Part 1: System architecture

JPEG XR Part 1, known in ITU-T as T.Sup2, provides a technical overview and informative guidelines for applications of JPEG XR image coding format.

Part 2: Image coding specification

JPEG XR Part 2, known in ITU-T as T.832, is the core coding specification for JPEG XR. It specifies the syntax and semantics of JPEG XR coded images and the associated decoding process.

Part 3: Motion JPEG XR

JPEG XR Part 3, known in ITU-T as T.833, is the Motion JPEG XR file format specification. The Motion JPEG XR file format is designed to contain one or more motion sequences of JPEG XR images, with their timing. The format is based on the ISO base media file format.
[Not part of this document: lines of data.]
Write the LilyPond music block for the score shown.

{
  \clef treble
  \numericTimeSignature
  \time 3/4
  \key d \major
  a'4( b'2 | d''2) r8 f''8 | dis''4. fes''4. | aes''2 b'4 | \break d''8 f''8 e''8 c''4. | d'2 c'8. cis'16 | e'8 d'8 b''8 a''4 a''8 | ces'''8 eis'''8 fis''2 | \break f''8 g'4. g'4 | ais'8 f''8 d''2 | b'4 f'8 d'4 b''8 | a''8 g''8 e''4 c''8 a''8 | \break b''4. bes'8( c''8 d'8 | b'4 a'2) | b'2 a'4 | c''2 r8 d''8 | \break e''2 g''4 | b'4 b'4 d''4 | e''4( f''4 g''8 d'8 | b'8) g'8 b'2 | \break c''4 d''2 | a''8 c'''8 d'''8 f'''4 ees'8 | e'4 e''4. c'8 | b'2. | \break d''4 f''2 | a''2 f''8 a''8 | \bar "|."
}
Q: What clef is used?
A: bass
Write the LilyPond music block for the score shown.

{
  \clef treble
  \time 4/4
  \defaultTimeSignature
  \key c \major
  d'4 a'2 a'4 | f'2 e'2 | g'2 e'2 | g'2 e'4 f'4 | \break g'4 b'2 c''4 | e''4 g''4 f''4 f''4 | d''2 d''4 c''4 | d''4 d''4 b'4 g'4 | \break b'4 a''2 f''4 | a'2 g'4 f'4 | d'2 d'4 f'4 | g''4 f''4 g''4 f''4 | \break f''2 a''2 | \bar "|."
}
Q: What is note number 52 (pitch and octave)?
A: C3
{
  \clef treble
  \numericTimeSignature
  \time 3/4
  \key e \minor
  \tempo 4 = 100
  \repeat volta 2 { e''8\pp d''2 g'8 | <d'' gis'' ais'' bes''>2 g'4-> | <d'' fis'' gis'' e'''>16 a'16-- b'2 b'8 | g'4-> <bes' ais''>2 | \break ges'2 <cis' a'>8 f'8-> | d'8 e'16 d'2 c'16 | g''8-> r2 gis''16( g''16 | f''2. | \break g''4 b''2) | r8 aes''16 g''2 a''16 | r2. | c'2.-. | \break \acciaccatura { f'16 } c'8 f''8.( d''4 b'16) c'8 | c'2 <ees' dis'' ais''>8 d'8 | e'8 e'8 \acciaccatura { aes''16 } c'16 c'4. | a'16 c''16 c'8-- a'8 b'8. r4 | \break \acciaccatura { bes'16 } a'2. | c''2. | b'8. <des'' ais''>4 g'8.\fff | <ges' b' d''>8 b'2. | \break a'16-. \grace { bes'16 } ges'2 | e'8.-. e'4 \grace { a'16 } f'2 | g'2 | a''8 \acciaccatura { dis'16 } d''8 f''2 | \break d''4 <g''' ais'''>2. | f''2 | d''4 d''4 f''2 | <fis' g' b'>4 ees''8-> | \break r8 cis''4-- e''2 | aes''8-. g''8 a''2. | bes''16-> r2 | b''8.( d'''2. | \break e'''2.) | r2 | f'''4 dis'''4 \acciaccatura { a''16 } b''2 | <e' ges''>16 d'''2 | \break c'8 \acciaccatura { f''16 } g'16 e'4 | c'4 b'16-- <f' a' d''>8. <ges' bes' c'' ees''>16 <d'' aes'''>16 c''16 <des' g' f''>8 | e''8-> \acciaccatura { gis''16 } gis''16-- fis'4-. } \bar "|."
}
Part 4: Conformance testing

JPEG XR Part 4, known in ITU-T as T.834, is the JPEG XR conformance testing specification. It specifies tests designed to verify whether codestreams, files, encoders, and decoders meet the normative requirements of JPEG XR specifications.

Part 5: Reference software

JPEG XR Part 5, known in ITU-T as T.835, provides reference software source code for the JPEG XR image coding format. Such reference software is useful in aiding users of an image coding standard to establish and test conformance and interoperability, and to educate users and demonstrate the capabilities of the standard. The reference software includes both encoder and decoder functionality.